Magazine and book displays herald January’s arrival as a time to consider the past and plan for the future. It’s a month of reflection and reinvention.
At the Mooresville Museum, president David Whitlowexamined a recent donation. He pointed to an edition of the Mooresville Tribune dated March 31, 1960. A map of the Lake Norman shoreline filled the front page.
In the article, former Tribune editor Tom McKnight described the map as “one of the most detailed and comprehensive of so much territory ever published in a North Carolina paper.”
Another recent addition is a book that depicts the town’s centennial celebration in 1973.
“It’s a little history of Mooresville,” Whitlow said.
As Whitlow, 49, discussed the town’s past, he shifted to more immediate needs. Now that he works at the museum part time, the number of visitors has increased; however, he’s searching for additional ways to attract people.
“I want to get more exposure, more money for building renovations and more artifacts. People can donate anything, from old ashtrays to photographs to old receipts,” Whitlow said.
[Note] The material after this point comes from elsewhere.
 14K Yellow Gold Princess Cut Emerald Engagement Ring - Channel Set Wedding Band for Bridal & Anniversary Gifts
Around the corner at D.E. Turner & Co. on North Main Street, the building looks much as it did 115 years ago. Artifacts from the hardware store’s past and everyday items for modern needs are displayed.
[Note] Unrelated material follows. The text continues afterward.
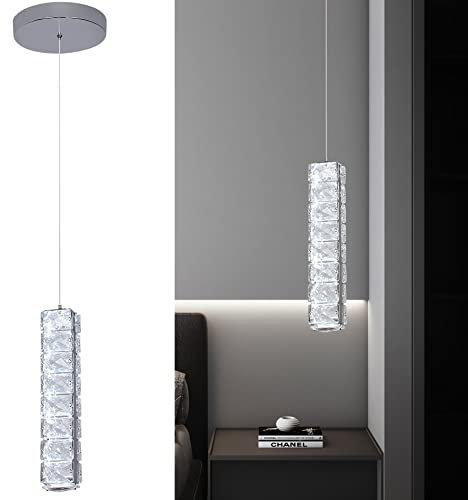 Vinilky Lampada a sospensione in cristallo a 3 luci, lampada a sospensione a LED dimmerabile, lampada a sospensione moderna regolabile per isola cucina, sala da pranzo, soggiorno(Nessun telecomando)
“I started working here part time when I was 15. I’ve been working here 68 years. It’s the only job I’ve ever had,” said Jack Moore, 83, who owns the store with his son.
Moore remembers when Mooresville’s back streets were unpaved and all roads from town led to farms, not subdivisions and businesses.
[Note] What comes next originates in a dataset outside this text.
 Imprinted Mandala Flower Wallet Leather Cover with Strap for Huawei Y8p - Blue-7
While Moore chatted, he rolled a familiar wooden ladder down the aisle, climbed up and retrieved items for customers.
When Charlie Wilson, a barber at Main Street Barber and Hair Styling, stopped by for his daily bottle of Gatorade, talk turned to New Year’s resolutions. Normally Moore doesn’t make them, but staying healthy is at the top of his list.
“If you’re healthy, you’ve got the world by the tail,” said Moore who said he has no plans to retire. “If you go home, sit down and don’t work, you die.”
Wilson, 23, follows Moore’s advice. Although Wilson’s busy with a growing family, he volunteers in the community. With two small children, he wants to build a better foundation for his family.
That goal was reiterated in the youth department at the Mooresville Public Library. David Teague and his four daughters, whose ages range from 8 to 2, were selecting books.
“I try to be intentional every day, striving to do things that are important to me or my family,” he said. “If I make a resolution, I tend not to keep it. I like to use the end of the year as a time of reflection and planning for the future.”
Jaden White, a second-grader at Coddle Creek Elementary, looked up from the book he was reading. Without hesitation, Jaden discussed his 2015 plans.
“I’m trying to get better in school. I want to get better at reading,” Jaden said.
Over on Williamson Road, McKenzie McIntosh, a senior at Auburn University, worked at Josh’s Farmers Market during the holidays. Like Jaden, she’s returning to the classroom.
McIntosh is beginning a semester of student teaching. She’s challenged herself to stay mentally and physically fit by working toward a goal.
“I don’t love to run, but I want to learn to love it. So I signed up for a half marathon in the spring,” she said.
Like everyone else, McIntosh looks forward to the possibilities of 2015.